If you mean the Pijnacker fire... during that, I got zero messages, my wife got one (we were both at home).

I guess the delivery system is just totally fucked, and the spammyness wasn't deliberate


It’s pretty reasonable to let people know about what’s happening and how to get help if needed, and the inconvenience worth any life’s saved.


Ofcourse, I am not advocating for turning the system off. But I would tread more cautiously with something like this if a) it is very easily turned off if perceived as of net negative value in a spur of the moment decision, but difficult to opt back in, b) the security of the system as a whole depends on at least a few people in any given group at any time of day receiving the messages, especially if these technical issues persist with random arrivals of message delivery and c) the scope of the system is expected to expand in the near future.


You have a very valid point. Systems like this should work flawlessly and should only be activated when it is really necessary otherwise by the time we need them they'll be switched off by people that get tired of being woken up.

Case in point: smoke alarms that wake up half the neighborhood when their batteries need replacement.


Apparently it only affects the 4G network; switching to 3G on both callers' phone settings fixes it.


My phone is 3G, and it does not work, only internal. Old Nokia, but I have access to lots of other phones and so far all KPN network phones have issues of one form or another.
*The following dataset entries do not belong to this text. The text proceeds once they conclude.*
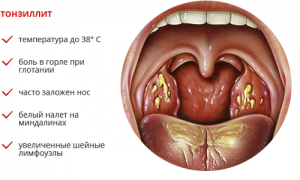 Тонзиллит горла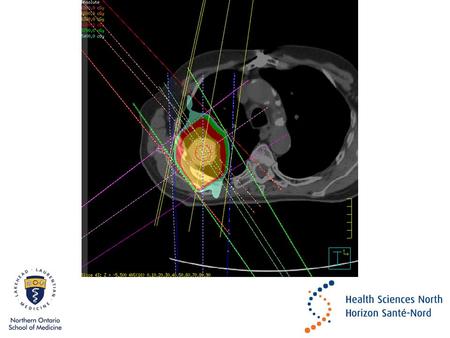 Conflict of Interest Declaration: Nothing to Disclose Presenter: Sophie Lamoureux Title of Presentation: A Comparison of Stereotactic Body Radiotherapy.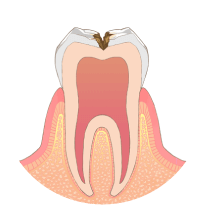 虫歯が神経に近くなり、冷たいものがしみます
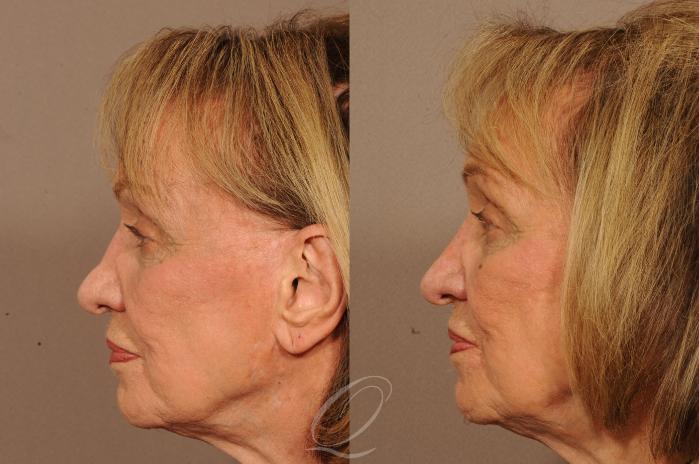 Rhinoplasty | Non-Surgical Case 275 Before & After View #2 | Serving Rochester, Syracuse & Buffalo, NY | Quatela Center for Plastic Surgery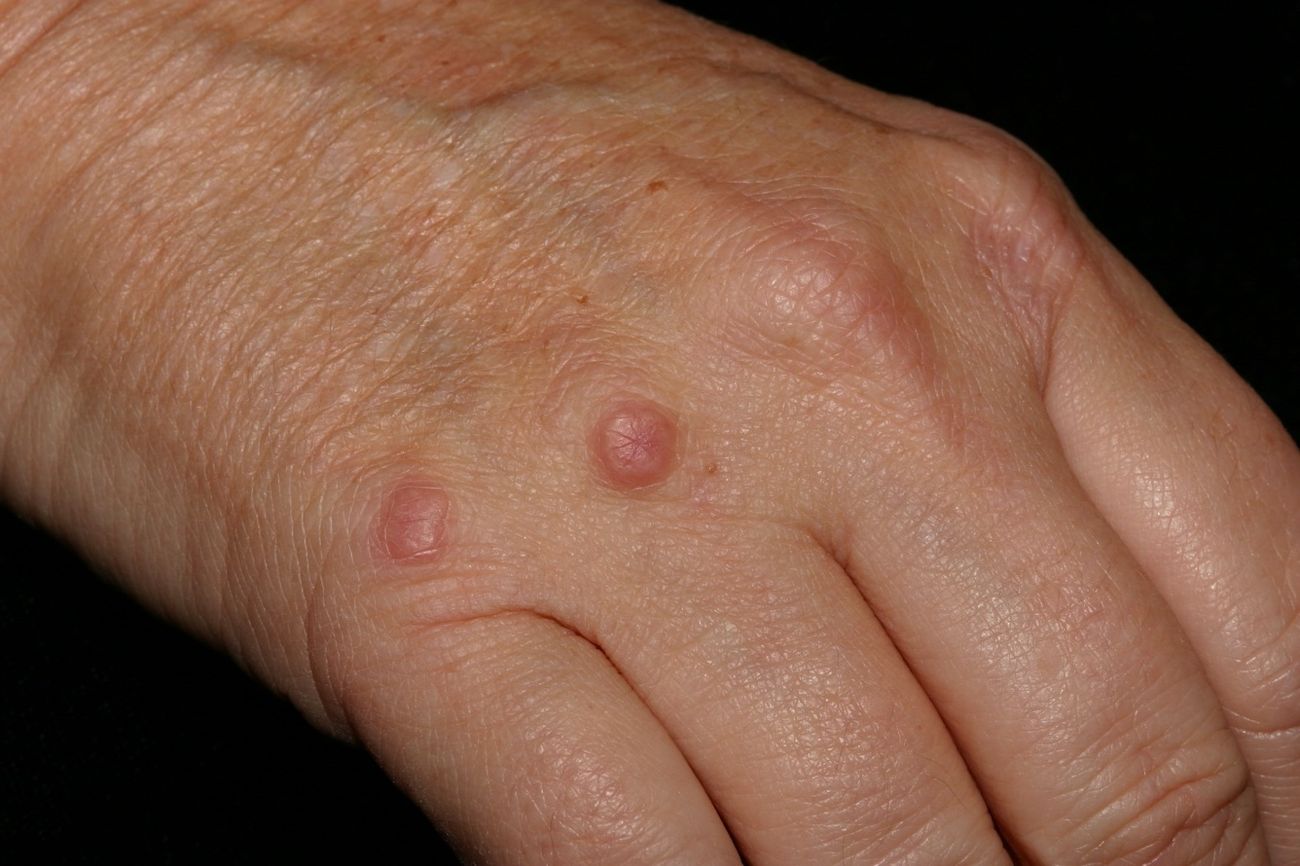 40-facts-about-granuloma-annulare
But interesting that there are 3G/4G differences. Have you tried to switch back?

KPN now reports that the problem is 'only on the 4G network', but I'm pretty sure that that is not the case for all subscribers (I'm exclusively on 3G and also have problems), also, their advice to reconfigure phones to connect to 3G only could easily backfire because the 3G network is not capable of dealing with all the traffic if everybody switches.


> But interesting that there are 3G/4G differences. Have you tried to switch back?